- [TASK REQUIREMENTS] Reproduce from the records below, with no pictures, exactly the lines between the one containing "İkizler Ikizler Modern Çerezlik" and the one containing "image-komik-peerless-dad-chapter-157-40/45", inclusive.

--- ENTRIES PROVIDED Enclosed Below ---

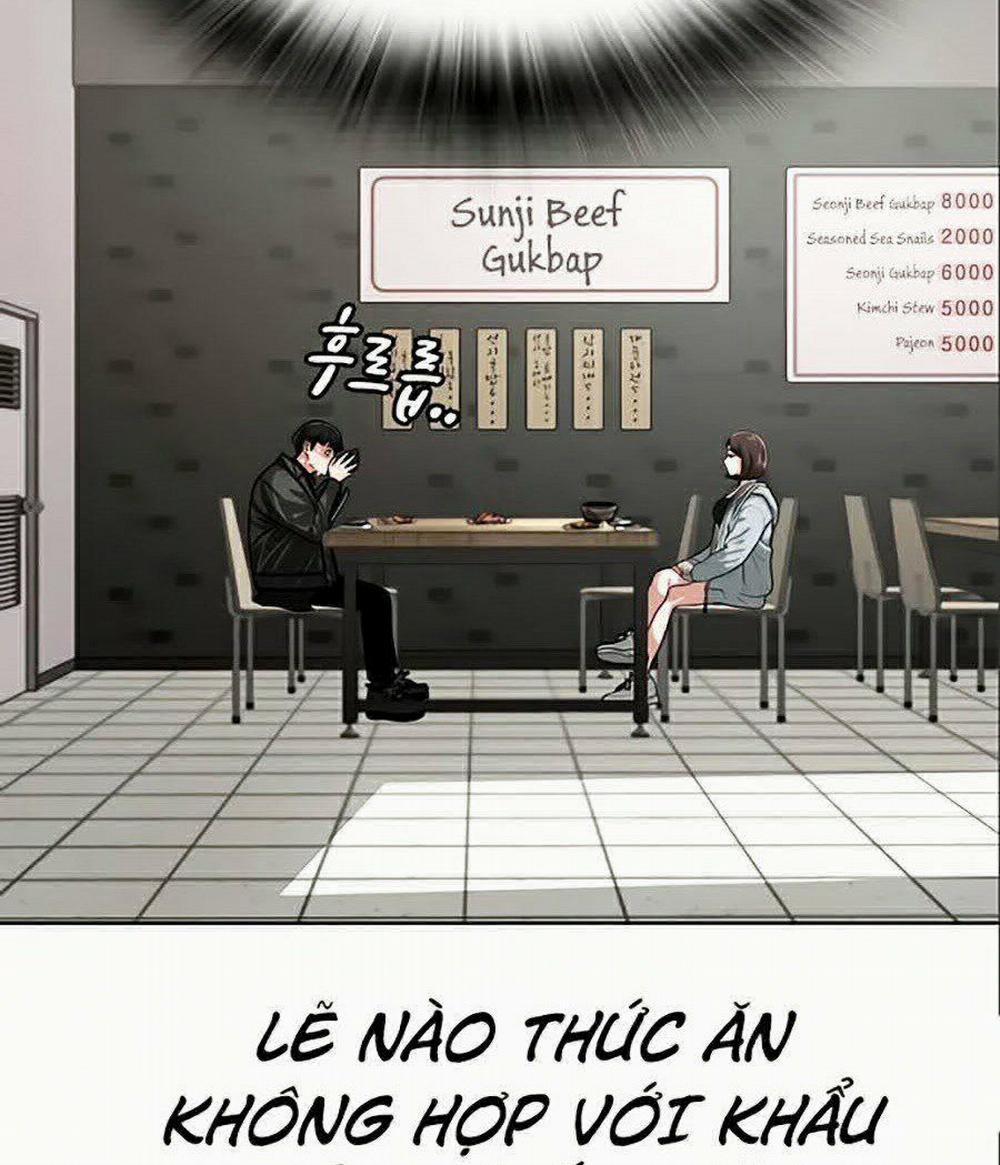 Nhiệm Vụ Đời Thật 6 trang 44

--- End of Enclosed ENTRIES PROVIDED ---
--- ENTRIES PROVIDED Enclosed Below ---

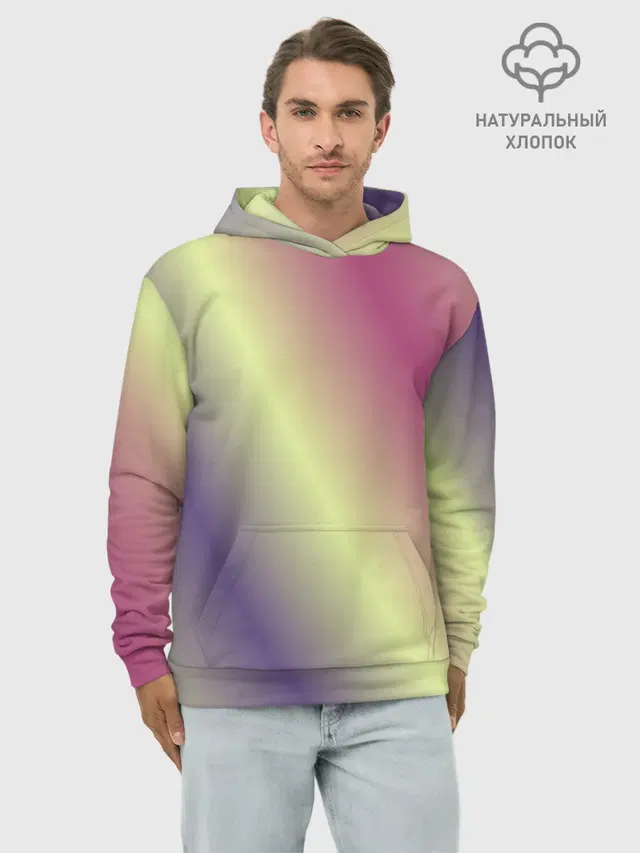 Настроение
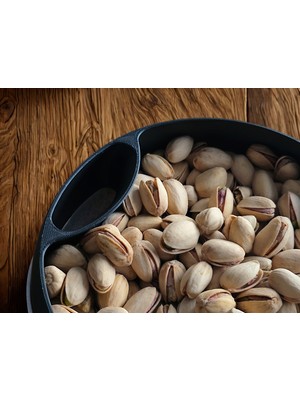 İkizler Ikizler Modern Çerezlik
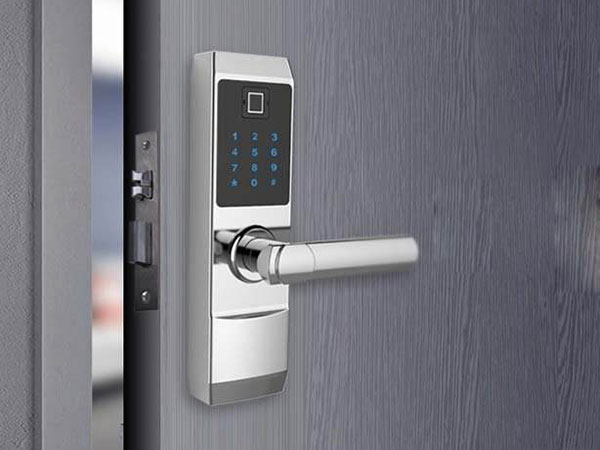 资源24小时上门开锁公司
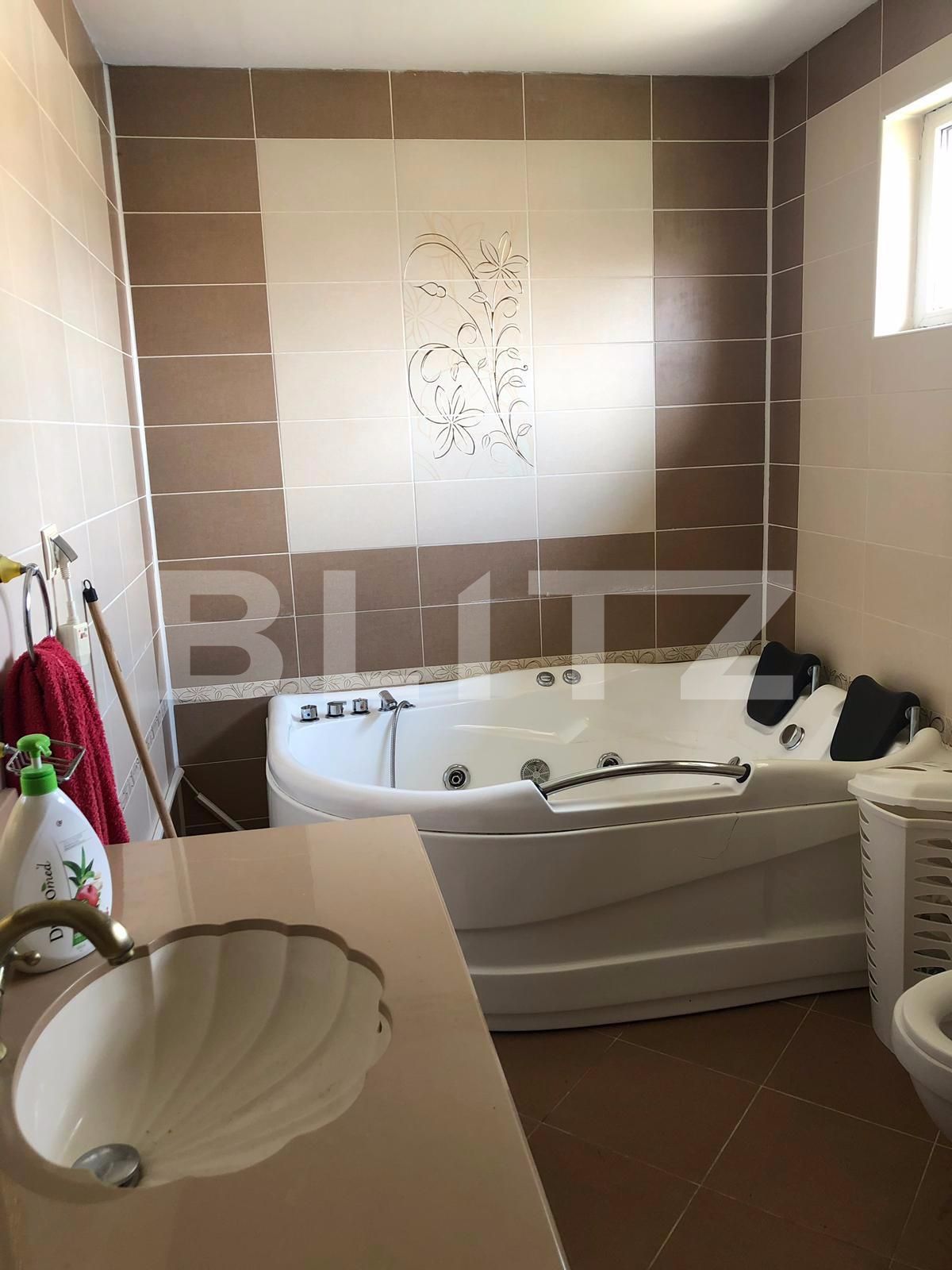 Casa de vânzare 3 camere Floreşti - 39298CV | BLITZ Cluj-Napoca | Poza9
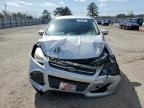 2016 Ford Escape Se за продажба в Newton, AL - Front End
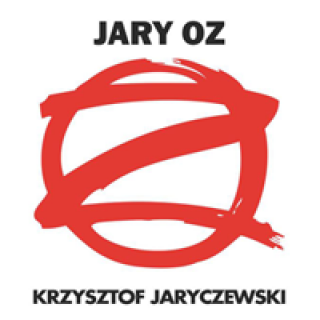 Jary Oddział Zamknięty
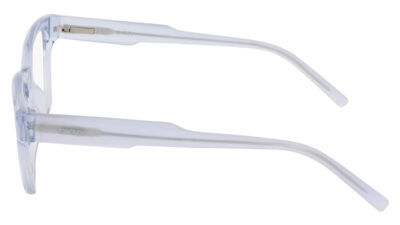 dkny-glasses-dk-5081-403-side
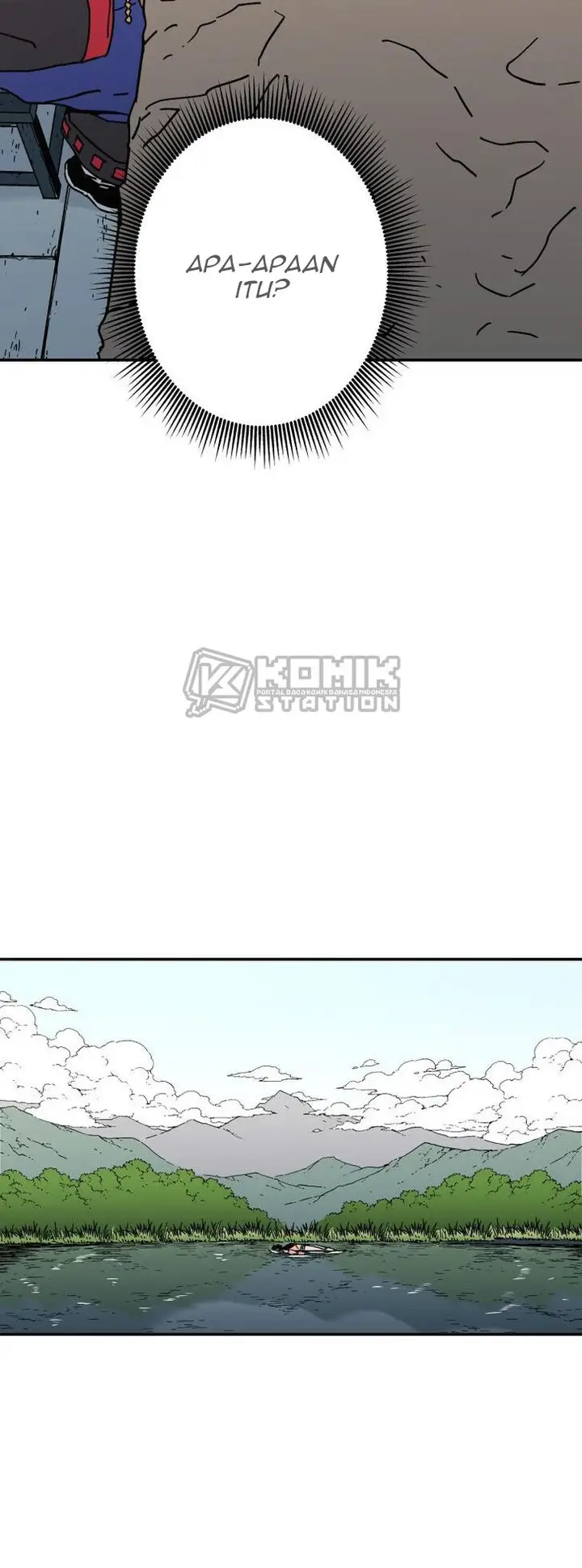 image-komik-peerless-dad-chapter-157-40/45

--- End of Enclosed ENTRIES PROVIDED ---

- [EXERCISE SOLUTION]
 İkizler Ikizler Modern Çerezlik
 资源24小时上门开锁公司
 Casa de vânzare 3 camere Floreşti - 39298CV | BLITZ Cluj-Napoca | Poza9
 2016 Ford Escape Se за продажба в Newton, AL - Front End
 Jary Oddział Zamknięty
 dkny-glasses-dk-5081-403-side
 image-komik-peerless-dad-chapter-157-40/45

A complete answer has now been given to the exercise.